UCLA Law Professor Daniel H. Lowenstein has argued that there are “11 good reasons”[545] not to change the current system of electing the President:

“The Electoral College produces good presidents.… The Electoral College has produced Washington, Jefferson, Jackson, Lincoln, Cleveland, Theodore Roosevelt, Wilson, Franklin Roosevelt, Truman, Eisenhower, and Reagan.”[546]

Although these 11 Presidents were indeed distinguished, Lowenstein does not offer any argument connecting the ascension of these 11 individuals to the Presidency and the state-by-state winner-take-all rule (i.e., awarding all of a state’s electoral votes to the candidate who receives the most votes in the state).

Moreover, Lowenstein does not offer any argument as to why these same talented individuals (or other equally talented individuals) could not have risen to the Presidency without the winner-take-all rule. How, for example, was the winner-take-all rule essential to the emergence of, say, Eisenhower or Reagan?

Moreover, Lowenstein provides no argument as to why a system in which the candidate who receives the most popular votes in all 50 states and the District of Columbia would necessarily not result in good Presidents.

Tellingly, Lowenstein includes two Presidents on his list who were defeated in the Electoral College by a candidate who received fewer popular votes nationwide, namely Andrew Jackson in 1824 and Grover Cleveland in 1888. Why does Lowenstein credit the Electoral College with success when it elected “good Presidents” such as Jackson in 1828 and Cleveland in 1892, but not acknowledge the failure of the Electoral College when it rejected “good Presidents” such as Jackson in 1824 and Cleveland in 1888?[547]

Why does Lowenstein credit the Electoral College with success when it elected “good Presidents” such as Thomas Jefferson in 1804, but not acknowledge the failure of the Electoral College when it defeated Jefferson in 1796 or handed Jefferson a tie in the Electoral College in 1800 (requiring 36 ballots in the House of Representatives to resolve)?

Moreover, Lowenstein includes two Presidents on his list who were elected before the era when the state-by-state winner-take-all rule became widespread.
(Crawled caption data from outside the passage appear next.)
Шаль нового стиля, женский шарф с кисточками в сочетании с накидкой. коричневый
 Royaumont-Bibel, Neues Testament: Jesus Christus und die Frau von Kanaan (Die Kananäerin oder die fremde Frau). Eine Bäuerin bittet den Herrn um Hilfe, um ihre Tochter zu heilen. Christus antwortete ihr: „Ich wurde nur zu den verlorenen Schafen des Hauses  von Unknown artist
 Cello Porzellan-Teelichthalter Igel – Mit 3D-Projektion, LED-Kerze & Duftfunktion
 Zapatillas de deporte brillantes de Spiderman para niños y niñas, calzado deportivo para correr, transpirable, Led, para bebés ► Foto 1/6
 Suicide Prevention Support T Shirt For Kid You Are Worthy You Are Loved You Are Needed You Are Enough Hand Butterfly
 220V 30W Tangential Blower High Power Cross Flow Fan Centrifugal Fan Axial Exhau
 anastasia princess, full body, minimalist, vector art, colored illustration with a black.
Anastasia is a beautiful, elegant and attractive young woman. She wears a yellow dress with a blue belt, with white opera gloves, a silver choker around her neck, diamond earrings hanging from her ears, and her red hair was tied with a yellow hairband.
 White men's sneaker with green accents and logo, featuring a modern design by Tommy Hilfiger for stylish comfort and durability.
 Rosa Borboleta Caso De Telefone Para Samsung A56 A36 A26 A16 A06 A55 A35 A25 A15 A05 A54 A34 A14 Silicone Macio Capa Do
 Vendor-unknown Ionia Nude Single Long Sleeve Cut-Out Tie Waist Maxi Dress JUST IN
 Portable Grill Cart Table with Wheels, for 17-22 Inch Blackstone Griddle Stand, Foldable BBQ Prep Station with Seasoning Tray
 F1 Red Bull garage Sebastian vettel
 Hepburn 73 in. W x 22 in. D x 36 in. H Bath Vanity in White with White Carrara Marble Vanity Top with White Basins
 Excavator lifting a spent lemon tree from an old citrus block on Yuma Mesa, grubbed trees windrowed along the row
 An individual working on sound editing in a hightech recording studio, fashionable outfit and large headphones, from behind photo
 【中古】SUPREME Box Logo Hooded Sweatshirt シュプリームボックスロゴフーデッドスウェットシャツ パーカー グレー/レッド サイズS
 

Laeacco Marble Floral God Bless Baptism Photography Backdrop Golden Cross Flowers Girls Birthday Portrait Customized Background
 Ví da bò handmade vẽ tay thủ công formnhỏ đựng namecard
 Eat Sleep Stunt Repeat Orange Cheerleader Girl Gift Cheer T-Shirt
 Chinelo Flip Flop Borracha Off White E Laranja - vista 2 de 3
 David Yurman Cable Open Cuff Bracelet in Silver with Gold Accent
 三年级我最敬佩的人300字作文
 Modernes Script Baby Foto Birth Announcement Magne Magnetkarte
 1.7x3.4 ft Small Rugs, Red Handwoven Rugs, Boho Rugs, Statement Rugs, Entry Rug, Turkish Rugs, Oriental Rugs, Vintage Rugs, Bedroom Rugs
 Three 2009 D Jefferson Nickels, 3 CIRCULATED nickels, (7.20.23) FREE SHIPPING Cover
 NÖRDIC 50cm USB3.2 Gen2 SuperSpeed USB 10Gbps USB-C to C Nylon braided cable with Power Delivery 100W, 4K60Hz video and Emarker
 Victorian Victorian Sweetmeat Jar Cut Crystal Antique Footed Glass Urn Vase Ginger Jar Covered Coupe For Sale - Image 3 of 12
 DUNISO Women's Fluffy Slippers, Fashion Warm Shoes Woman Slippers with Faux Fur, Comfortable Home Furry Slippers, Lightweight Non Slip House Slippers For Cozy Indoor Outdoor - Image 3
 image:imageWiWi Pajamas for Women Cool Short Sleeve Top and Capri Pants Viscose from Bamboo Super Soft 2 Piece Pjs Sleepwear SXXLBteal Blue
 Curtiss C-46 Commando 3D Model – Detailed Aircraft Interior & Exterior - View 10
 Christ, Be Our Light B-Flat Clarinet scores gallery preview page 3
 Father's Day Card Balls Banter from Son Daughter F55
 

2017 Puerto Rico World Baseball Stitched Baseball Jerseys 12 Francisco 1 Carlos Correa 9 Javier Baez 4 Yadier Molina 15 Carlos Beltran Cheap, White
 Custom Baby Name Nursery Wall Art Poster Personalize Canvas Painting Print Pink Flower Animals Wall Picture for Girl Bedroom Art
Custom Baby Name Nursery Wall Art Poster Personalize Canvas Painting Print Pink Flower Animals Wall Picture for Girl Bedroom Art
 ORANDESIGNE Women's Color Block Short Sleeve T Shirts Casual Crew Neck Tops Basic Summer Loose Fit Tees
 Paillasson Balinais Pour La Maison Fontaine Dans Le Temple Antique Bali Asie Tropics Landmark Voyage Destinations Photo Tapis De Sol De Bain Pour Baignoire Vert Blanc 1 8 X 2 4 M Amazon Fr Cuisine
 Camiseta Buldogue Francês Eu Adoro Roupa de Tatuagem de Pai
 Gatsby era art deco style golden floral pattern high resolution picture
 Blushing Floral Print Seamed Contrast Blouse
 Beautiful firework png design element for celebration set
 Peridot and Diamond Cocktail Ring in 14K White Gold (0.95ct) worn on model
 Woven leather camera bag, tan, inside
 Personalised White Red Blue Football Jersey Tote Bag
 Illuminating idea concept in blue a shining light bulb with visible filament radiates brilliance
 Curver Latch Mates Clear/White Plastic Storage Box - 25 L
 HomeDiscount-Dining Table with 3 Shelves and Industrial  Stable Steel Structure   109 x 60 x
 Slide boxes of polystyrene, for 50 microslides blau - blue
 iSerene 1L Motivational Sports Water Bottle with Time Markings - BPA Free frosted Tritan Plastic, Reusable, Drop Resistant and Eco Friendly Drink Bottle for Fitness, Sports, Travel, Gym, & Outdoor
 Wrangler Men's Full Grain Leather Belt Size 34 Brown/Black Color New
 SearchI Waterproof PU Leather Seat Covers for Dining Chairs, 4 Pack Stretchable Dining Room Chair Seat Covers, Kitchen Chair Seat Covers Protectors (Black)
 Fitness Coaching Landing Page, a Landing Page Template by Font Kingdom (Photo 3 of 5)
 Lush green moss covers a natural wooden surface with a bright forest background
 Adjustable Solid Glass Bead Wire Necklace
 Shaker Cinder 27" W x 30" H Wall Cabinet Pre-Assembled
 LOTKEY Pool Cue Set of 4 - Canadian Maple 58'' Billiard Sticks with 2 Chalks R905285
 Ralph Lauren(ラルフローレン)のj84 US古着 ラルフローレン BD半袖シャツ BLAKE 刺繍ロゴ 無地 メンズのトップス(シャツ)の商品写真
Only three states used the state-by-state winner-take-all rule when George Washington was elected in 1789 and 1792.[548] Only two states used the state-by-state winner-take-all rule when Thomas Jefferson was elected in 1800.[549]

Lowenstein also credits the winner-take-all rule for producing Theodore Roosevelt and Harry Truman, even though they both ascended to the Presidency on the death of their predecessor.

Tellingly, Lowenstein’s list of 11 Presidents fails to account for the 33 remaining Presidents produced by the Electoral College, including those who were totally ineffectual when the country was at a moment of crisis (e.g., Pierce, Buchanan, Hoover), those whose administrations were exceedingly corrupt (e.g., Harding, Grant), and those who were thoroughly mediocre and forgettable (but cannot be named here because we have forgotten their names).

Footnotes

[545] Panel discussion at the Commonwealth Club in San Francisco on October 24, 2008.

[546] Debate entitled “Should We Dispense with the Electoral College?” sponsored by PENNumbra (University of Pennsylvania Law Review) available at http://www.pennumbra.com/debates/pdfs/electoral_college.pdf.

[547] Lowenstein includes Thomas Jefferson on his list even though the Electoral College defeated Jefferson in 1796.

[548] New Hampshire, Maryland, and Pennsylvania used the winner-take-all rule in the nation’s first presidential election (1789) and in the second (1792).

[549] Only Virginia used the winner-take-all rule in the 1800 election. The legislatures of New Hampshire and Pennsylvania directly appointed presidential electors in 1800, and Maryland switched to a district system in 1796.